Property

High Court sends a warning to homeowners and estates in South Africa

The High Court has sent a warning to homeowners and estates that courts will not enforce repealed planning schemes or outdated rules, ruling that only current law applies to disputes over estate rules and municipal charges.

In a landmark case in 2025, the Polokwane High Court dismissed a dispute within the Zandspruit Bush and Aero Estate.

VDM Incorporated’s Director of Community Schemes and Compliance, Johlene Wasserman, said this case made one thing clear – if the law has changed, the courts won’t enforce yesterday’s rules.

The case, which arose from a dispute in the Zandspruit Estate near Hoedspruit, centres on repealed planning schemes, specifically the Maruleng Land-Use Scheme of 2008, which was replaced by the updated 2021 scheme.

“Two homeowners challenged the estate’s homeowners’ association (HOA) after it amended its rules in December 2018 to allow limited short-term rentals,” Wasserman explained.

“They argued that rentals shorter than one month broke the 2008 scheme and tried to reinstate a blanket ban.”

However, Wasserman explained that by the time the matter reached the court, the legal framework had already shifted.

“The 2008 scheme had been repealed and replaced by the 2021 scheme, which expressly allows short-term rentals,” she said.

The acting judge in this case confirmed that the change was binding, adding that any ruling based on the repealed 2008 scheme would have no practical effect. The court also stressed that it does not exist to decide abstract or outdated disputes.

“It also pointed out that conflicts of this nature fall within the jurisdiction of the Community Schemes Ombud Service, which is better suited to handle internal rule changes and neighbour-to-neighbour disagreements,” Wasserman said.

“The application was dismissed, the Zandspruit Estate HOA’s rule permitting short-term rentals remains valid, and the homeowners were ordered to pay costs, including the costs of two counsel.”

A clear message to estate residents, trustees, and practitioners

Zandspruit Estate

“This ruling makes it clear to estate residents, trustees, and practitioners that timing and context matter,” Wasserman said.

“Legal challenges must be grounded in current law, not repealed frameworks.

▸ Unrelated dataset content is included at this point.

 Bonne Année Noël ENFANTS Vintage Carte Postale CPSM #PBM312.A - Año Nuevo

Courts will not intervene where disputes have become moot due to legislative change.”

For HOAs, Wasserman said the decision offers reassurance that rule changes will not be overturned years later under outdated planning schemes.

For homeowners, the case serves as a reminder that litigation must be carefully framed, timely, and strategically sound.

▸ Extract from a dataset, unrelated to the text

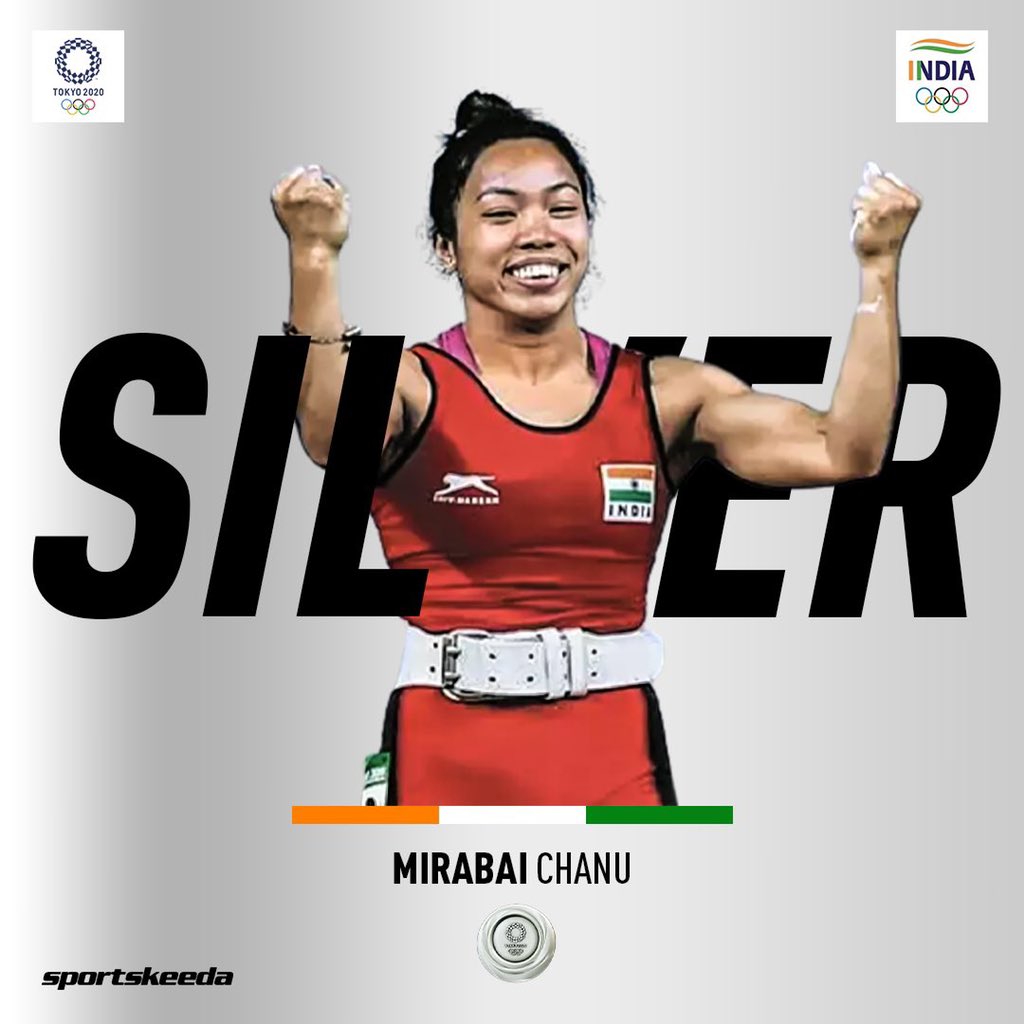 JaydevBarde's tweet photo. #Tokyo2020 ओलिंपिक में भारत की और से पहले दिन पहला पदक @mirabai_chanu 🏋️🏋️🏋️
#Cheer4India https://t.co/kSluqvYGe5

The principle was echoed in a second 2025 judgment, in the case of Olifantsfontein Residential Apartments v City of Johannesburg.

“Here, the Gauteng Local Division Court ruled that municipalities must apply tariff policies exactly as written, without adding conditions that don’t exist,” Wasserman explained.

“Further, the court found that the city had unlawfully added a requirement – that only government-subsidised dwellings could qualify – to the sewerage tariff subsidy.”

Wasserman said this contradicted the plain wording of the budget and amounted to an unlawful administrative decision under the Promotion of Administrative Justice Act.

The city had changed how it applied the tariff without going through the proper public process or formally updating the budget.

“Because of that, the court ruled in favour of the property owner and confirmed that their building qualifies for the lower, subsidised rate,” she said.

“These judgments send a clear message – that the courts won’t uphold old rules or accept unlawful changes to current ones. Whether it’s estate rules or municipal charges, the law must be applied exactly as it stands today.”